Monday, 12th February 2018

Industry 4.0 and smart factories. Are we there yet?

Industry 4.0 and smart factories. Are we there yet?

If not, how close are we?

“When talking about Industry 4.0 and the concept of smart factories, we need to take into account that there are no standards in this field that would define how close we are, while some enterprises and providers of these services offer just questionnaires that serve as orientation on the level of achieved digitalisation,” said Robert Rošer, Production Manager for the Cooking appliances Programme in Gorenje Group.

We are already in the final stage of preparing our strategy and further steps need to be taken with a lot of deliberation and caution. While we are already using a fair amount of elements that make up the so-called Industry 4.0, all further actions are aimed at upgrading these elements and connecting them into a smart whole.




Many guidelines and key elements for the realisation of the concept of a smart factory have already been implemented in Gorenje Group, including:

       - smart tools: with sensors on tools we achieved better productivity and reduced wear and damage on tools, and smart assembly line with smart sensors (e.g. RFID Tags and 'reading heads'), which are integrated on the palette on the appliance assembly line;

       - autonomous robots, which are already parts of some production processes;

       - AGV system for internal logistics, the automated guided vehicle that moves on a certain logistic trajectory and transports materials from point A to point B. The vehicle moves autonomously, and uses magnetic bands for guidance or is guided by means of laser sensors. The vehicles are also equipped with optical sensors that ensure maximum levels of safety.

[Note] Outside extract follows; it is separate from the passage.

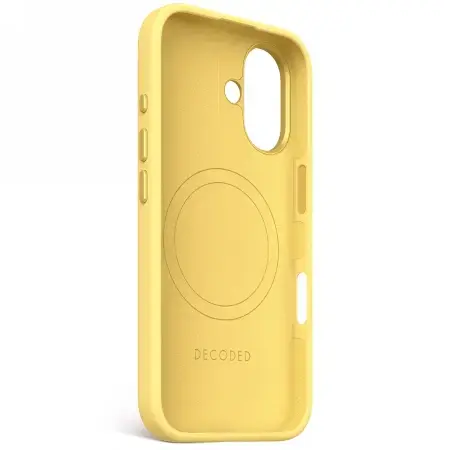 Decoded AntiMicrobial Silicone Backcover with MagSafe for iPhone 16 - Yellow Photo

       - AR / Augumented Reality: implementation of technology for augmented reality in production and product development is especially useful in pre-development as it provides a better visual picture of products, visual control over work processes, remote access, early detection of weaknesses and deficiencies in the work process, savings in time and costs etc.

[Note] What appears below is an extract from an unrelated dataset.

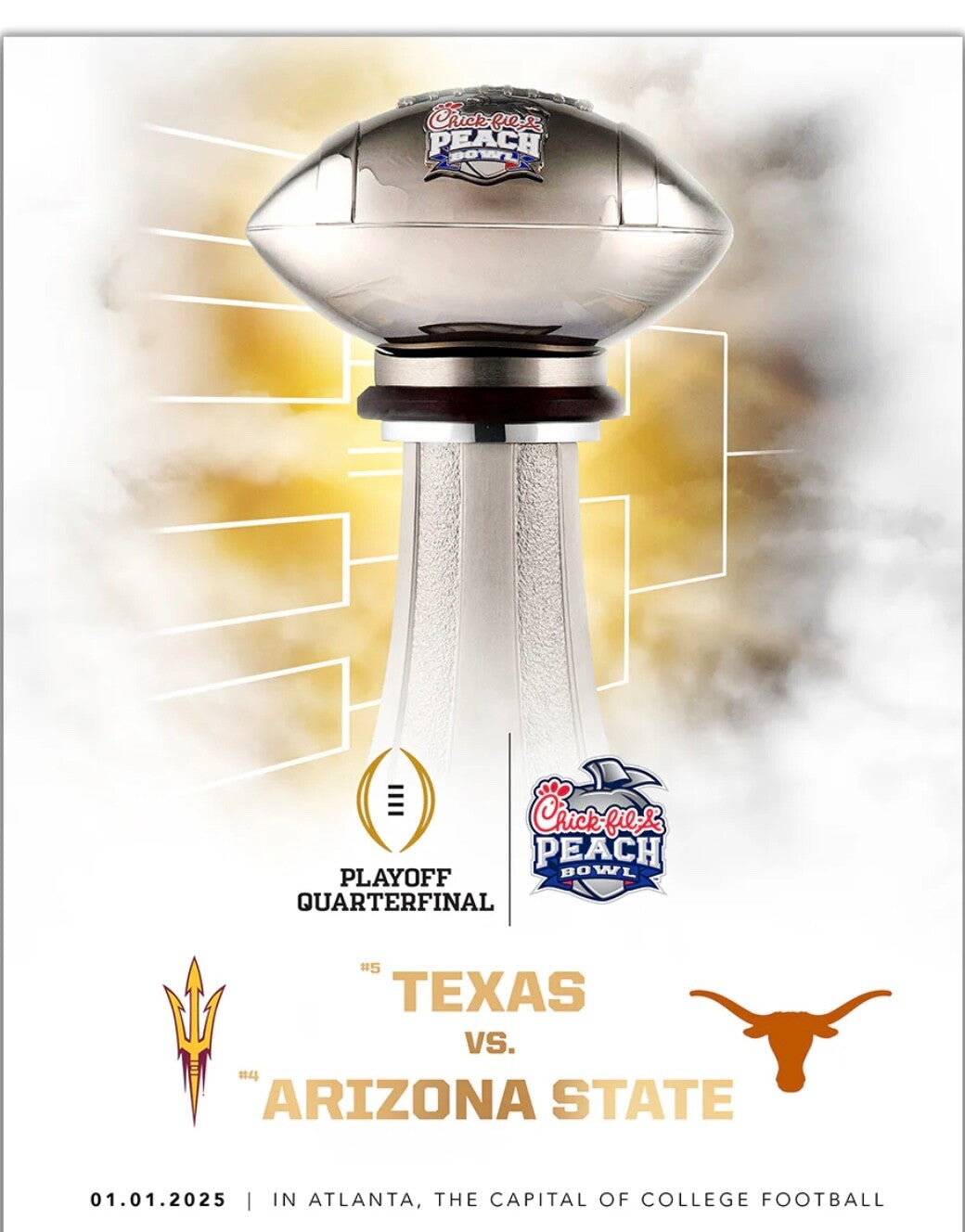 2024 2025 Peach Bowl Program CFP Playoff Arizona State Sun Devil Texas Longhorns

      - 3D print: a centralised prototype workshop with 3D printing technology is already in use at Gorenje in Velenje.

      - Plant simulation, i.e. computer animation programme which enables modelling and simulation of production systems and processes. 

       - An important element that we have been using since 2017 are the so-called digital twins, which enable simulation in a digital environment (e.g. simulation of planning of implementation of new production, simulation of logistic processes, planning of operational production etc.) thus reducing costs, error occurancies, and contribute to greater productivity in production.

      - Collaborative robots: robots, equipped with special safety protocols that work side-by-side with a human and ensure effective support for easier and faster work.  

By including others and encouraging open innovation we strive to continue paving the way for Industry 4.0.

In the future, we want to see more robots working side-by-side with people and to implement robots for high-precision assembly operations, where nowadays human labour is still indispensable.

We would like to implement robotization and automation in as many work sub processes and assembly lines as possible – we want robots to replace human manual work on difficult operations. This does not mean that there will be fewer jobs for people. On the contrary: in the future, robots will take over the strenuous manual work and assembly operations, while people will supervise their operation. This will help us improve productivity and increase added value. By involving and opening innovation, we wish to continue to play a pioneering role in Industry 4.0.